The NEC at its meeting presided over by the Vice-President Yemi Osinbajo at the Presidential Villa, Abuja, received the final report of the forensic audit of the agencies conducted by the international firm, KPMG and observed that eighteen agencies did not remit the appropriate money to the nation’s treasury.
Other agencies to refund the money include Federal Inland Revenue Service, FIRS, Nigerian Maritime Administration and Safety Agency, NIMASA, Nigerian Communications Commission, NCC, Central Bank of Nigeria, CBN, Department of Petroleum Resources, DPR, among several.
Briefing State House correspondents after the NEC meeting at the Council Chambers, State House, the Gombe State Governor, Ibrahim Dankwanbo, who also chaired the NEC’s ad-hoc technical committee on the probe, said the Council adopted the report and resolved to refer those found culpable in the underpayments to the Attorney-General of the Federation for prosecution.

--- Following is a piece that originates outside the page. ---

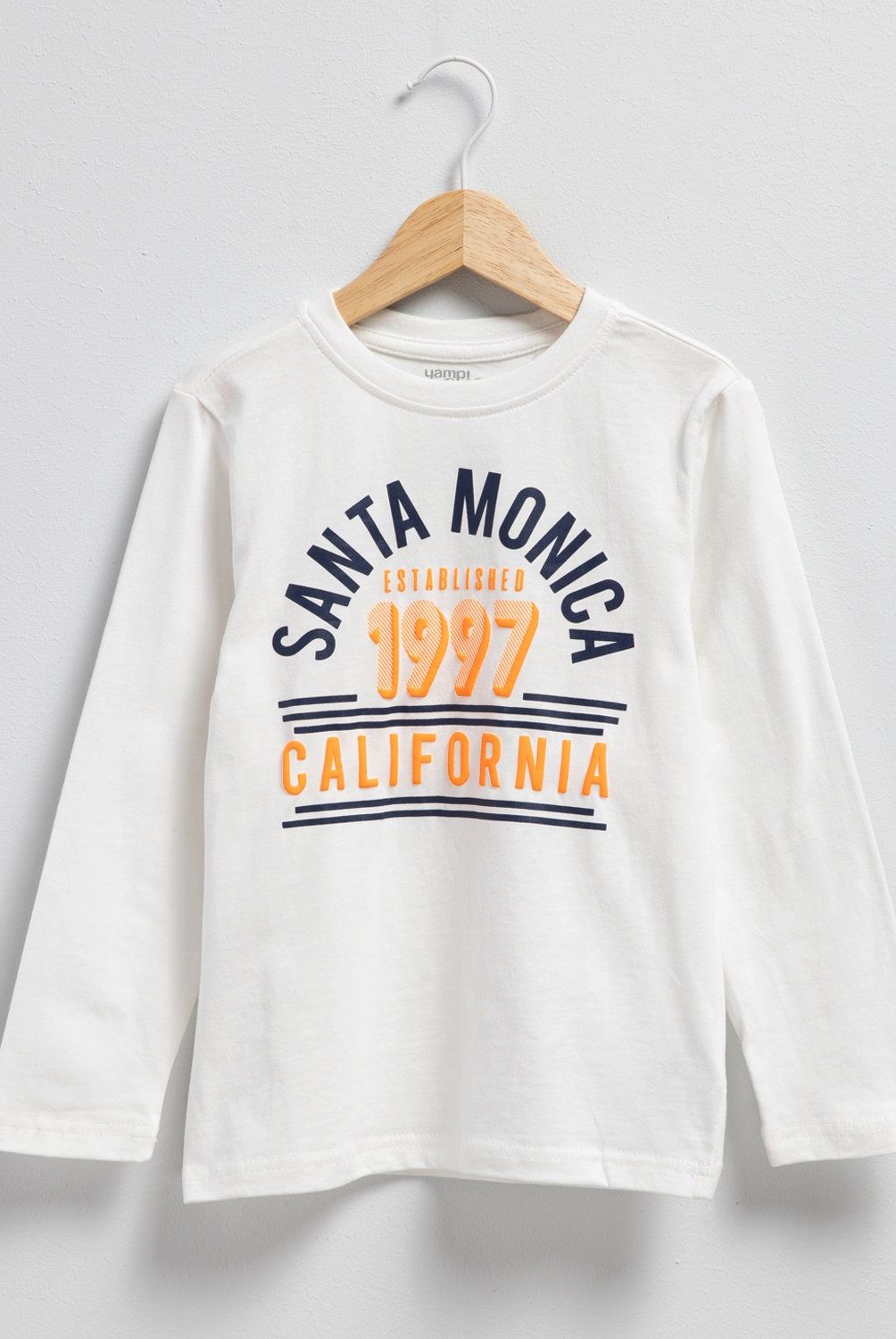 YAMP - Polera Manga Larga Algodón Estampada Niño Yamp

According to him: “KPMG presented the report of the technical audit of RGAs concluding that a total sum of N526 billion and USD$21 billion was under-paid to the Federation Account.
“Council adopted the presentations and reports of the KPMG and the recommendations of its Ad-hoc Committee including a resolution to identify instances where there appears to have been criminal infringements and forward such to the Attorney-General of the Federation and the Legal Committee of the National Economic Council for further action.
“Council resolved to pursue strengthening of the NNPC governance structure to prevent further recurrence of such gross under-remittance by the NNPC and other RGAs.”
The Ad-hoc Committee, which also has other members as Governors of Edo, Kaduna, Akwa Ibom, and Lagos States as well as the Finance Minister, further recommended a refund of the amounts under-paid by the defaulting agencies.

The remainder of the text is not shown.